We looked at each other.
I tossed my hands up. “Oy vey, there has to be something.”
“Are there any kind of attraction spells or stuff to repel witches?” Chet asked. “Something subtle.”
O’Shay and I looked at each other.
“He’s brilliant,” O’Shay said, apparently forgetting he didn’t like Chet.
“I always thought so.” I grinned. “Charles Jonathan Lampart, you are an amazing man.”
He smiled too. “I agree, but why?”
“A protection potion,” I said. “Witches use protection potions to line the front doors of their businesses and homes to discourage thieves. It’s so subtle, humans don’t notice it, people looking to steal just happen to go elsewhere. But witches keep an eye out for it. If we put that on the front of all but a few of the big, likely casinos, they’ll sense it and know witches work there and it’ll be too big of a risk. They’ll go to the other casinos, where we’ll be waiting.”
“We still need to figure out how to capture them without alerting humans,” O’Shay said as he finished the last of the marbles.
The protection potion was taking me longer because we didn’t bring all the ingredients for it and I had to hit a grocery store for the last of the herbs.

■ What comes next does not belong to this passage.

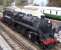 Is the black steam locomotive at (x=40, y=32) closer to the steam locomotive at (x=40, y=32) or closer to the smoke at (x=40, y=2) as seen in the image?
the steam locomotive at (x=40, y=32)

Turns out finding a good grocery store in the middle of Vegas was harder than finding a good liquor store in Utah.
“I know,” I said, giving the pot a vigorous stir. The suite was great because it came with a few rooms and a full kitchen. Not something you saw a lot of in Vegas either.
We’d already decided we’d put the potion in front of all the high limit roulette places but Caesar’s and the Bellagio, and stake them out.
Why those two? Because we rolled on which ones so we’d stop arguing about floor layouts and escape routes and just get things moving, and those were the two we settled on that didn’t already have the protection spell over them and were next door to each other.
Apparently there were a lot of witches working in Vegas.
“Knockout spell or a potion, basically make them seem really drunk and haul them out? Like we’re taking drunk friends back to the room,” I said. “Like what they said they did to Dad.”
“It’s risky,” O’Shay said.
“Anything we do is going to be risky, but it’s Vegas. Odds are the gamblers will be focused on gambling.”
“The onlookers won’t be, and security sure as hell won’t either,” Chet said.
“And you can’t pull a perception spell on a camera,” I said. “Cameras don’t perceive, they just record.”
Corey jerked, head whipping up so fast it made me flinch in sympathy. “What if we didn’t have to take them down in the middle of the casino?”
“What were you thinking?”
He grinned.
# # #
“I hate waiting,” I whispered, shifting on my feet, trying to keep a smile and interested look on my face.
“I know,” Chet said, sipping his drink and putting a small bet on the table.
We split up, me and Chet at Caesar’s and Corey with O’Shay at the Bellagio. We hovered at the craps table just outside the partitioned high stakes area, Chet betting tiny amounts and not doing too bad. Soon as those guys got near us with Sean, our beads would warm.
Everything in me hoped they’d show up here first.
I wanted to take them down. They had my dad.
If he was still alive.
My heart seized. Of course he was! They wouldn’t kill him…
The woman next to Chet ended her turn and he took the dice, grinning big as he had during paintball. The man liked his competitive games apparently.